Silêncio de Shusaku Endo 遠藤 周作

Agora que Martin Scorsese se prepara para adaptar ao cinema uma das obras mais conhecidas do escritor nipónico Shusaku Endo (1923-1996), torna-se relevante abordar aquele que é um dos seus romances mais importantes e mais lidos – “Silêncio” (Chinmoku), sobretudo quando a sua narrativa aborda um momento único (e muito pouco divulgado por estes lados...) na história das relações entre Portugal e o Japão.

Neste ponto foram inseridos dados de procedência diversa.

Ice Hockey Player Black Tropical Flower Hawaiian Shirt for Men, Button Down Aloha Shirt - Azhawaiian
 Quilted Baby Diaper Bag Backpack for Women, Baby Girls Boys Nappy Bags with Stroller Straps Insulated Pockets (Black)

Em 1643, o mundo cristão recebe com choque a notícia de que o padre português Cristóvão Ferreira, o missionário líder da Companhia de Jesus no Japão, considerado como uma espécie de paladino da fé cristã no oriente, apostatou. Em Lisboa, três jovens padres, Sebastião Rodrigues, Francisco Garrpe e Juan de Santa Maria, antigos discípulos de Ferreira, ficam atónitos com a perturbadora novidade e decidem partir para a terra do sol nascente em busca do seu mestre, procurando descobrir se realmente apostatou perante a tortura e, caso o tenha feito, quais as razões que o motivaram a abandonar a fé. Num contexto histórico em que os missionários portugueses, que haviam propagado a fé cristã no Japão no século anterior, estavam a ser perseguidos pelo shogunato de Tokugawa, a entrada clandestina em terras nipónicas pressupõe um ponto de não-retorno que os três padres decidem assumir incondicionalmente... mesmo que lhes custe as próprias vidas.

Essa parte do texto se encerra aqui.